Fiscal Nepal
First Business News Portal in English from Nepal
KATHMANDU: The Hetauda Cement Industry, a key government-run enterprise in Nepal, has remained non-operational for nearly five months, citing coal shortages, equipment repairs, and power outages. The plant, which ceased operations on October 1, now faces an empty stockpile for the past two weeks. Similarly, Udayapur Cement Industry, another government-owned entity, has been grappling with similar challenges, operating sporadically since the Dashain festival.
The primary reason for these shutdowns is the acute shortage of coal. Market interventions intended by these two government-run cement plants seem to have backfired, leaving them in a near-comatose state. Meanwhile, private cement producers have taken advantage of the situation by forming cartels and syndicates to hike prices unchecked.
In the past six months, the price of cement per sack has doubled, soaring from NPR 400 to NPR 815, according to the Department of Commerce, Supplies, and Consumer Protection. Reports suggest plans to push prices further to NPR 1,000 per sack, while the government remains largely inactive.

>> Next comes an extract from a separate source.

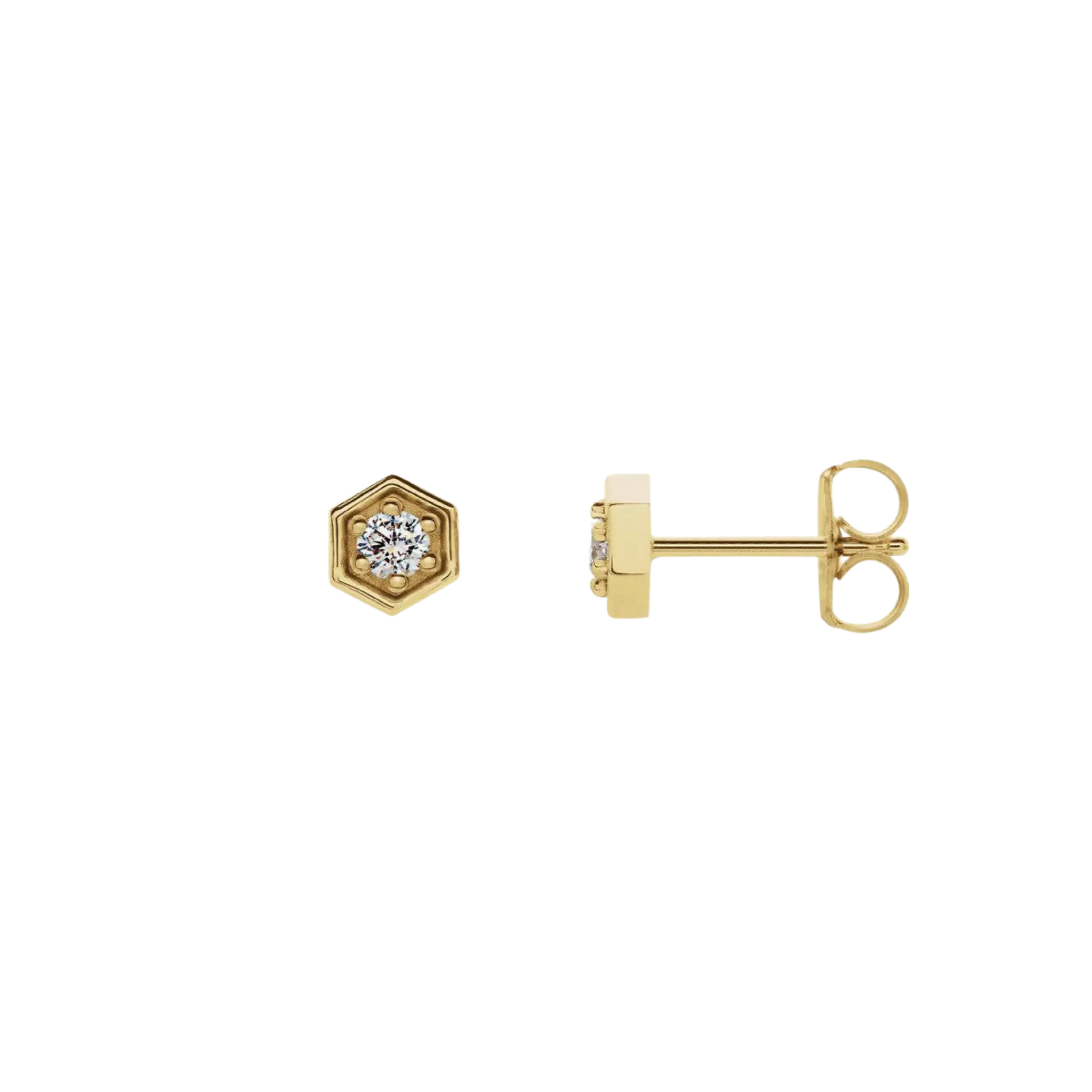 14k Gold Diamond Hexagon Stud Earrings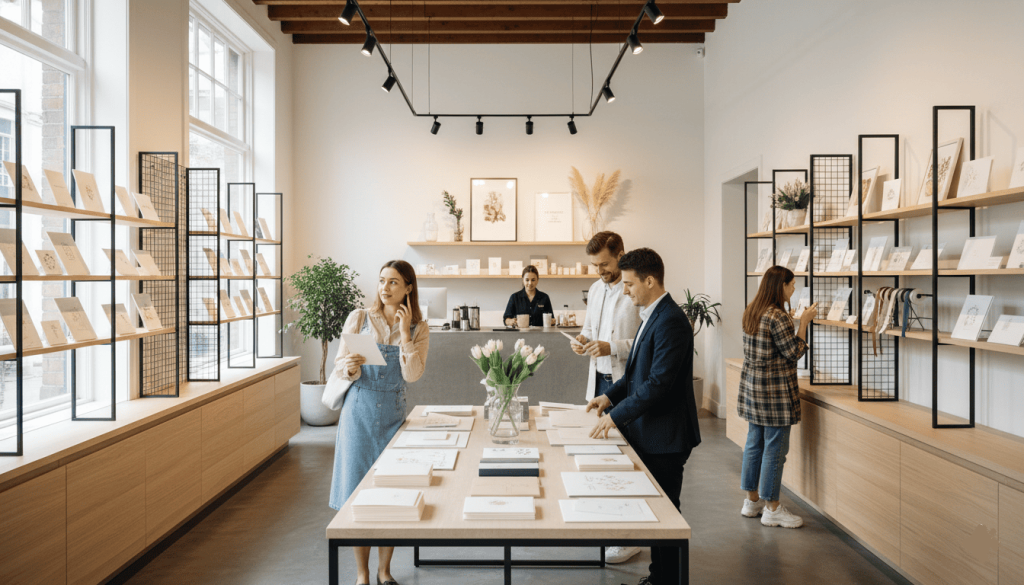 stationery and greeting card shop interior, customers browsing wedding cards on display racks, modern retail environment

Consumers and Builders Protest Against Price Hikes
The Nepal Construction Entrepreneurs Federation has raised objections to the rapid price hikes, accusing private producers of exploiting the market through black marketing and cartels. The federation has warned of potential protests if price controls are not implemented. “The price has increased by NPR 200 per sack within a month, which is unacceptable,” read a statement from the federation, urging the government to intervene immediately.
Consumer advocacy groups have also criticized the government for its failure to monitor the market. “The government’s silence amid such blatant price manipulation by private cement producers is alarming,” said Madhav Timilsina, president of the Consumer Rights Research Forum. “Immediate action is needed, either by restarting government-owned plants or penalizing black market activities.”
Financial Troubles Plague Government Cement Plants
Hetauda Cement’s operations have been stalled due to a lack of coal, outdated machinery, and insufficient budgets. “We submitted plans to the ministry multiple times, but there has been no response,” said Hetauda Cement’s spokesperson Hareram Acharya. The factory, which hasn’t paid its electricity bills for months, owes NPR 400 million to the Nepal Electricity Authority.
Similarly, Udayapur Cement Industry has been struggling with coal shortages and financial constraints. Acting General Manager Mahesh Sah revealed that the plant received only NPR 160 million of the NPR 400 million requested for maintenance, leaving no funds for raw material procurement. “Employees have not received salaries for four months, and the plant cannot operate under these circumstances,” Sah noted.